Abro ventanas y puertas.

Esa pequeña acción me deja exhausto: las piernas me tiemblan y las manos me transpiran como si estuviera en una sauna. No he probado bocado desde el desayuno. Siento asco. Arsenio diría que estoy atravesando una crisis, que vaya por un vaso de agua e intente inhalar y exhalar a ritmo sosegado, pero transpiro más. Quizás tengo una arritmia cardiaca o una conmoción cerebral. O ambas. Al mismo tiempo. ¿Qué tan común es la muerte súbita? «Muy bajas», diría Arsenio. «Mas no nulas», respondería yo. «Imagina un lugar feliz, algo divertido». Me es complicado, soy la persona menos divertida de la existencia.

Piensa, piensa.

Arsenio, Thor, eso es.

Lo imagino descansando en un baño de vapor, cubierto a penas por una toalla blanca a lo Tarzán. ¿Me divierte? No, pero me excita y eso ayuda a alejar los pensamientos mortuorios. Estoy seguro de que debajo de las camisas arrugadas que utiliza en las sesiones se esconden brazos formidables, bronceados, capaces de estrangularme. Si me lo propusiera como terapia aceptaría dichoso. Pero esto no es Sex and the City ni Cincuenta sombras de Grey. En la vida real los espacios para las fantasías y el deseo son escasos y eso me jode. Probabilidades de tener sexo con mi terapeuta. Cero. Probabilidades de acostarme con un hombre por primera vez. Las mismas.

Fuck.

En fin.

Me calmo y me largo a reír. Si mamá leyera las mentes, luego de espantarse habría reído conmigo: «Muy buena onda seré, pero no me interesa enterarme de tus perversiones», habría comentado. Contar con una madre joven es una bendición en estos casos: no se olvida que también fue polluela, incluso me apoya en algunas estupideces que se me ocurren (como ser cómplice cuando en un ataque de entusiasmo me colé en un hotel para pedirle un autógrafo a Robert Pattinson en su paso por la ciudad para la rueda de prensa de Crepúsculo). El lado negativo es que te puede dejar en vergüenza con facilidad.

Y vaya que lo hace.

Hacía unos meses le soltó a Esteban que tras mi rostro imperturbable y espinilludo se escondía una rata adicta a los cómics y a disfrazarse en convenciones de fans.

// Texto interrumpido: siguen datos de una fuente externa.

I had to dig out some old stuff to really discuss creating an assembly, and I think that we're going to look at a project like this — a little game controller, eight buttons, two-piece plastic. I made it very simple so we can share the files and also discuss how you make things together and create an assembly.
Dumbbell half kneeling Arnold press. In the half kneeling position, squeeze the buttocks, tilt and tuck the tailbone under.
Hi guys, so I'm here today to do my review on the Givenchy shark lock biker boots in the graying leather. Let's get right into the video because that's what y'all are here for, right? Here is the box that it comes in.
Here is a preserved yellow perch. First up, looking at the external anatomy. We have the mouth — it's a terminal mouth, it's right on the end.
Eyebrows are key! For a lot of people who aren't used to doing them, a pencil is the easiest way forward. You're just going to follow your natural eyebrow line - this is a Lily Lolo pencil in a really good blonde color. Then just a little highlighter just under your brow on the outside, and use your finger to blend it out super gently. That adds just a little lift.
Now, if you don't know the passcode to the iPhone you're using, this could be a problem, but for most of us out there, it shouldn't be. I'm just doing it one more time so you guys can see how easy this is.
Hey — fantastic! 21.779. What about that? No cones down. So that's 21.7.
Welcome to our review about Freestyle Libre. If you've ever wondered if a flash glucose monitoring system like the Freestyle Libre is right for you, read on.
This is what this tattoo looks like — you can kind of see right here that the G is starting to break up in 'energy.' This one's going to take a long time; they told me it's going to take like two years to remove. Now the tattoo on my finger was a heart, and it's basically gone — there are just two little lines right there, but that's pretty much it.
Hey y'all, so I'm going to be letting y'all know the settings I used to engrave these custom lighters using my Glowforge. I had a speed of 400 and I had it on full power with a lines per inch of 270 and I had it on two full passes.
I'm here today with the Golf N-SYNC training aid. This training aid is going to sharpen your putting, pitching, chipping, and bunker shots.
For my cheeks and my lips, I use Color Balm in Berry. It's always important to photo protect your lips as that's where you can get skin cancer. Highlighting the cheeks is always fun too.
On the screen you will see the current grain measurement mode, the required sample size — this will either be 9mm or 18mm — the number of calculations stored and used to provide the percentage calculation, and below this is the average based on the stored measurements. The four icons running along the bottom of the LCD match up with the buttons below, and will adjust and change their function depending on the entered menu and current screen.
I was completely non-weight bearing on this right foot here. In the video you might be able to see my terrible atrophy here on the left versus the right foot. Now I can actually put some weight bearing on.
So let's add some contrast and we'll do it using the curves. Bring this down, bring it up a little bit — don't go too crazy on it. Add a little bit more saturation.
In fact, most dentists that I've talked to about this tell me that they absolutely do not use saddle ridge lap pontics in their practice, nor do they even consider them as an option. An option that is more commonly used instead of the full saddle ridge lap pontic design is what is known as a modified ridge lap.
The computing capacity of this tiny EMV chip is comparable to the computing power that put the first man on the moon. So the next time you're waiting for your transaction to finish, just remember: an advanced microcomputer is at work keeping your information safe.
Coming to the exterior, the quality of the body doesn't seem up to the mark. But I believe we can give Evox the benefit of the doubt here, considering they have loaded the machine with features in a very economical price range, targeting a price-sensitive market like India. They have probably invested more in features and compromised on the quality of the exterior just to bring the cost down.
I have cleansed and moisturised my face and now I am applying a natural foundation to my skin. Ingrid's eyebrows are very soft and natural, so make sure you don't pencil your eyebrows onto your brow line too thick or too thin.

—Así que te gustan los hombres en mallas.

—También hay mujeres... —no sé ni por qué abrí la boca. La homosexualidad no me incómoda, me incomoda hablar de mí. Pero soy torpe y aún no aprendo, ni llevo a la práctica, el milenario arte de pensar antes de hablar.

—En la agencia nos regalaron un par de entradas para esto, ¿quieres ir? —me desfallecí. Eran boletos para la Comic-con de San Diego.

Hasta hoy no entendido a cabalidad a qué se dedica la oficina en la que trabaja Esteban y Julieta, pero hoteles, agencias de turismo, restaurantes, laboratorios de cremas faciales y un sinfín de empresas de lujo los agasajan en obsequios. Mamá dice que nada es gratis, que cada detalle viene con una doble intención y que es preferible no deberle el favor a nadie. Pero eso no es de mi incumbencia y trato de sacarle provecho. Lo tomo como una vuelta de mano para lo hija de puta que ha sido la vida conmigo.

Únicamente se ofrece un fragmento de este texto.